Sarah next crops up in the 1881 census at Lowestoft near the town of her birth, living with her son Frederick and described as a fisherman’s wife. Jonathan isn’t listed, suggesting he was away on census night, and the other children are missing. In 1887 the parents featured in several newspaper reports, the result of a domestic assault. The Eastern Daily Press of 29 August 1887 reported from the Great Yarmouth Police Court that fish merchant Jary had been summoned for threatening his wife Sarah Ann. The prosecution claimed that he’d come home wanting his tea but when she told him there wasn’t any, he became abusive and threatened to hit her with a chair. It was not the first time such an incident had taken place, the court heard, but Jonathan claimed that he’d only raised the chair in anger when he realised that his son and daughter-in-law were still living at his home and had not left as he’d demanded. He said he had no intention of hitting his wife. The case was adjourned for two weeks in the hope that some arrangement could be come to but, as the Eastern Evening News of 10 September 1887 reported, Sarah Ann continued to be afraid about going home. The bench ordered Jonathan – this time described as a fish curer – to be bound over for six months in the sum of £10 to keep the peace as well as to pay the costs. Whether Sarah Ann returned to the family home is unknown.

Jonathan died on 29 October 1890 and was buried at Great Yarmouth Cemetery on 1 November. The 1891 census showed Sarah Ann living with her auctioneer son Robert and his family at 2 Alma Road, Great Yarmouth, but 10 years later she was lodging with the Nye family at 44 Leatherdale Street in east London.
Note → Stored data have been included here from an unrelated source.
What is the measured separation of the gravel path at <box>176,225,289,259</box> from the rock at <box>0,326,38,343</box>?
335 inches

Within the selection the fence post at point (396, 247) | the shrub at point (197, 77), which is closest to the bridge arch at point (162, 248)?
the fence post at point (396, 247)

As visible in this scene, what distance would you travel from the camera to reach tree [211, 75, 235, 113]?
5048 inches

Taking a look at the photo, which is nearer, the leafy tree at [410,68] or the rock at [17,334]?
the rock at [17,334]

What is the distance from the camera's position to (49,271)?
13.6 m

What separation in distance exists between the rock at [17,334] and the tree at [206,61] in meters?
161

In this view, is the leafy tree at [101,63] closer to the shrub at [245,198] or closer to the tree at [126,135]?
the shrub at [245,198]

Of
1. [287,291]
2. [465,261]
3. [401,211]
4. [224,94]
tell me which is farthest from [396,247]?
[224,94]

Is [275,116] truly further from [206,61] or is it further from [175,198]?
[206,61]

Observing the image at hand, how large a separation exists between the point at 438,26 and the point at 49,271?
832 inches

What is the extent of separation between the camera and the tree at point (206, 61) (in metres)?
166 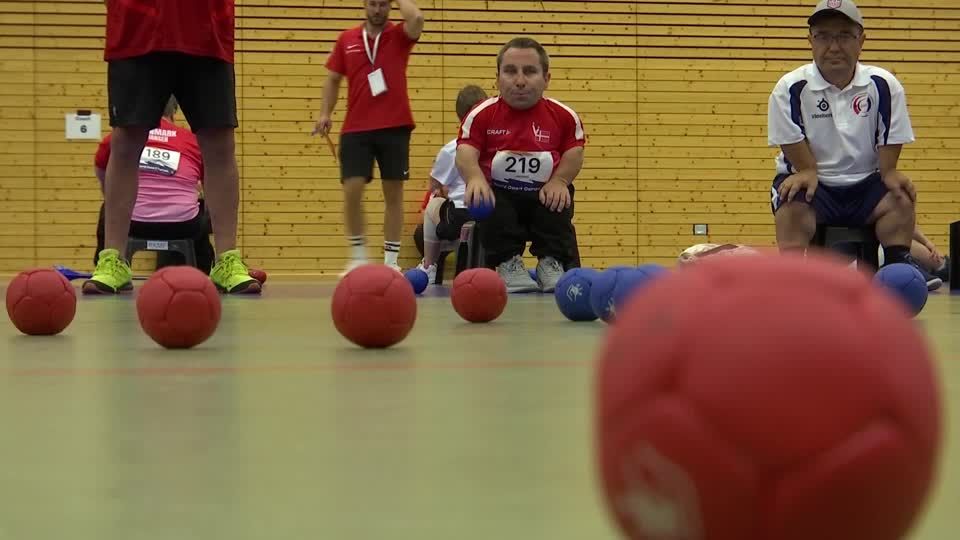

What prompted the move is unclear but she may have been living with or near relatives. She died in east London in 1902. 

  • Robert Jary (1855-1924) was born in Yarmouth but his earlier years are a mystery. In 1891 he was listed as an auctioneer of furniture and was living with his wife, Martha Johns Llewellyn Trahair of Newlyn in Cornwall, his children and his mother in the town. He later became a fish merchant and moved from Norfolk to the West Derby suburb of Liverpool in Lancashire. He was staying at a hotel in Euston Square, St Pancras, London, on the night of the 1921 census but died back in Liverpool three years later. Martha died in 1925.
  • Eliza Susannah Jary (1866-1937). A dressmaker in her spinster years, Eliza married merchant seaman William Thomas Utting of Poplar, now East London, in 1898. They raised a family and by 1911 were back in London at Mile End Old Town. William went on to work for his brother in law as a fish porter at Billingsgate Fish Market in London. He died six years after Eliza, in 1943.
  • Frederick George Jary (1868-1941 and pictured here with his wife) was born when his parents were in Brighton, Sussex. He married labourer’s daughter Harriet Maria Colby in Great Yarmouth in 1890 and had a number of children. The family moved ultimately to Ilford, Essex, and Frederick was a fish merchant at Billingsgate Fish Market. Harriet lived until 1959.
  • William Jary and John Jary were two sons baptised at the same time as Frederick and Eliza – in Brighton in 1869. However, no birth dates were given and I’ve yet to find any other trace of them.

Sources. All data has been gathered from Ancestry.co.uk, Familysearch.org, FindMyPast.co.uk, the British Newspaper Archive, Norfolk Family History Society and Sussex Family History Group.